Diğer taraftan, keşfedilmeye değer muazzam bir gerçek, önümüzde tüm ihtişamıyla parlamaktadır ve onu kabul edip, yaşamımıza geçirmeyi beklemektedir.
Nedir o parlak gerçek? İnsanın zayıflığında ve acizliğinde büyük bir güç ve zenginlik kaynağının saklı olduğudur. Tıpkı bir çocuğun, etrafındaki güçlü, kuvvetli, akıllı ve zengin yetişkinleri kendine hizmetkâr ettiği gibi.
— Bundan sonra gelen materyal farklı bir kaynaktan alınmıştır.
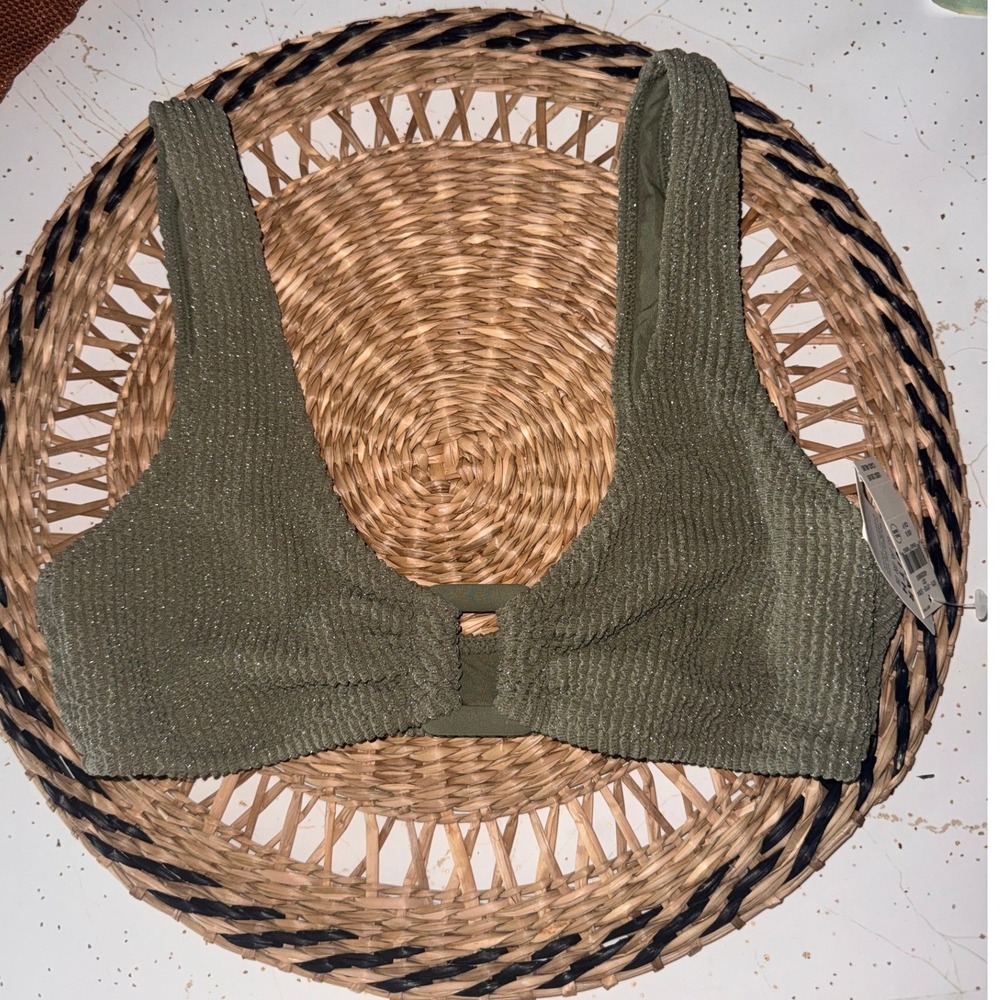 Aerie Real Good Scoop Bikini Top Olive Green Textured Metallic Crinkle Small NWT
O çocuk nasıl ki çok güçlü, kuvvetli ve akıllı olduğu için değil, bilakis kendi işini kendi başına görmekten aciz ve yardıma muhtaç olduğu için, insanların şefkatini kendine çeker ve onları etrafında seferber eder, döndürür. İnsan da, tıpkı o aciz ve muhtaç çocuk gibi olduğundan, Allah’ın şefkatiyle, tüm kâinatı kendine hizmetkâr olarak bulmuştur.
Daha önceki yazılarımızda da detaylı olarak analiz ettiğimiz gibi, insanlığın ilerlemesi ve medeniyetin gelişmesiyle ortaya çıkan ve insanın bu dünyada hüküm sürdüğü harika saltanat, kendi iktidarı ve ilmi sayesinde olmamıştır. Dikkat ediniz lütfen, bunların etkisi ve katkısı olmamıştır demiyoruz. Elbette, insanları meleklerden ve hayvanlardan ayrıcalıklı hale getiren ve yeryüzünde “Allah’ın halifesi, yani temsilcisi” rütbesine insanı çıkaran en temel insanî vasıf, insanın sahip olduğu öğrenme potansiyeli, yani ilimdir.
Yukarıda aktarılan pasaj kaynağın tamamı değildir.